Try every possible combination of choices. With n items each having two states (include/exclude), the search space is 2ⁿ. Evaluating each combination takes O(n), giving O(n × 2ⁿ). The recursion stack or subset storage uses O(n) space.
Greedy algorithms typically sort the input (O(n log n)) then make a single pass (O(n)). The sort dominates. If the input is already sorted or the greedy choice can be computed without sorting, time drops to O(n). Proving greedy correctness (exchange argument) is harder than the implementation.

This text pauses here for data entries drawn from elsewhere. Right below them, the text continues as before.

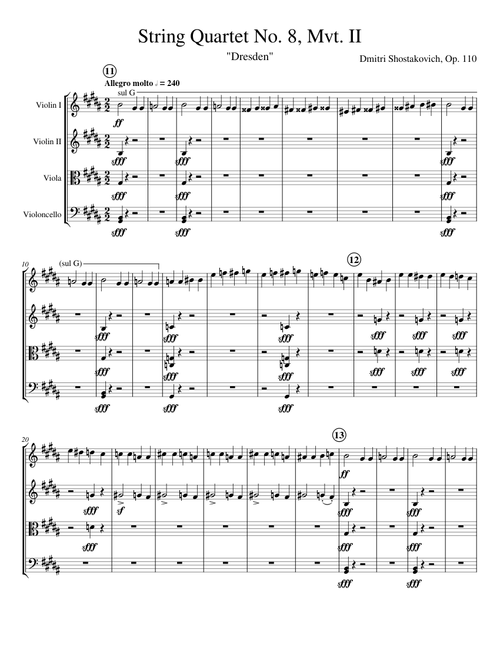 Shostakovich - String Quartet No. 8 "Dresden" (Op. 110), Mvt. II
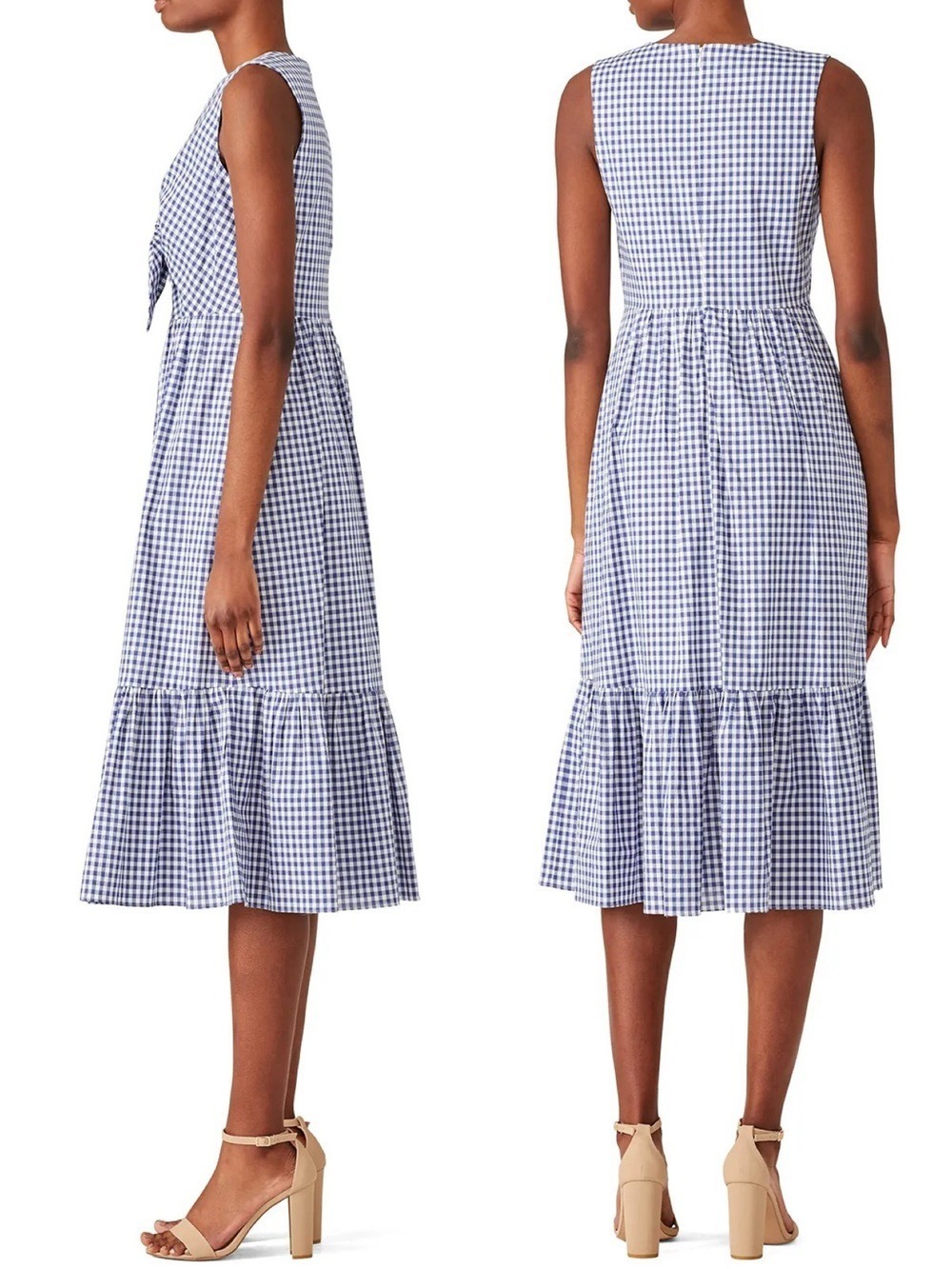 Shoshanna Mini Check Gingham Tie Gilroy Dress - Picture 3 of 11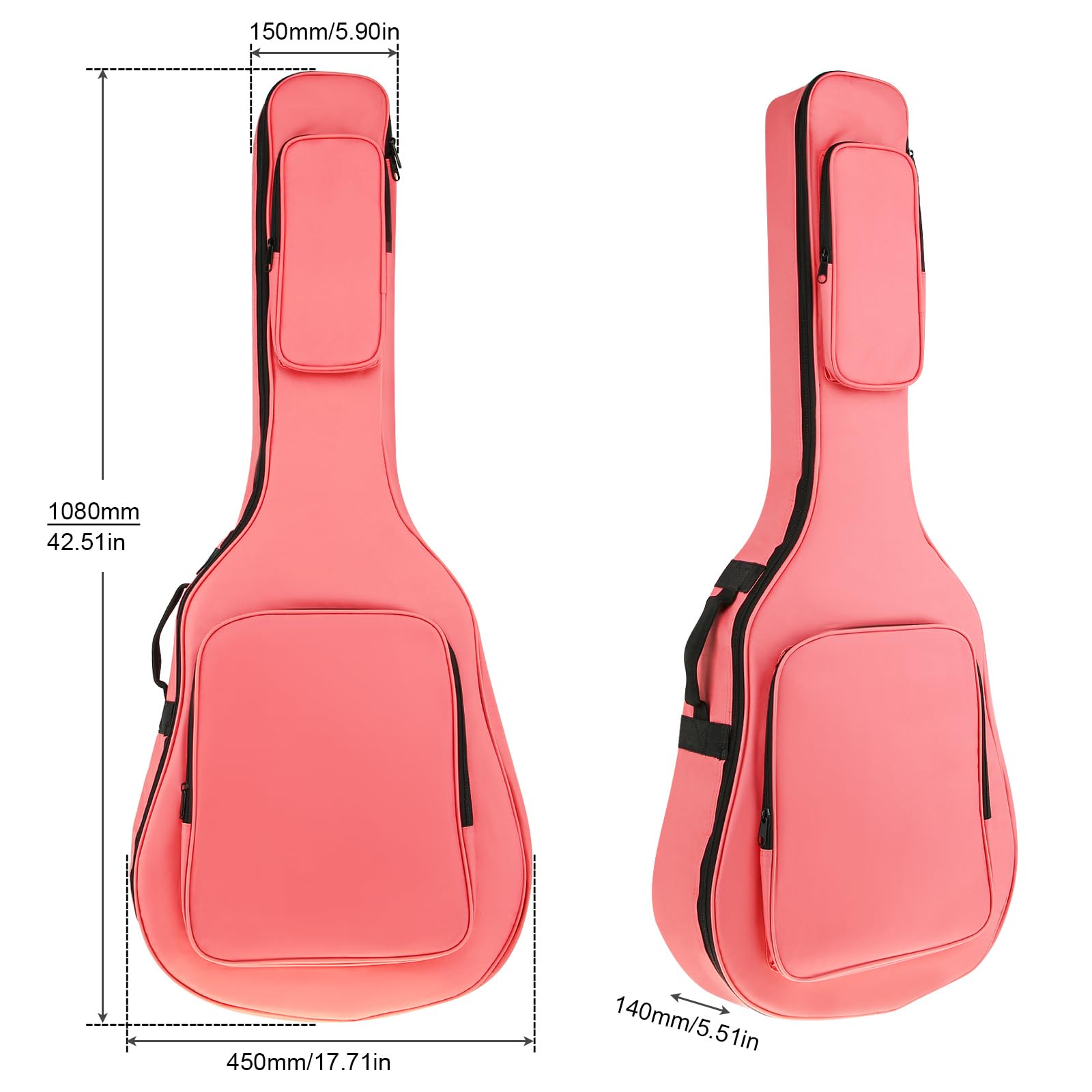 12 mm de Rembourrage d'épaisseur imperméable en Tissu Oxford Gris Grey Guitar Gig Sac pour 40 41 Pouces Guitare Acoustique avec Sangle de Cou, étui de Guitare Doux (Rose)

Review these before coding to avoid predictable interview regressions.
Wrong move: Loop endpoints miss first/last candidate.
Usually fails on: Fails on minimal arrays and exact-boundary answers.
Fix: Re-derive loops from inclusive/exclusive ranges before coding.
Wrong move: Locally optimal choices may fail globally.
Usually fails on: Counterexamples appear on crafted input orderings.
Fix: Verify with exchange argument or monotonic objective before committing.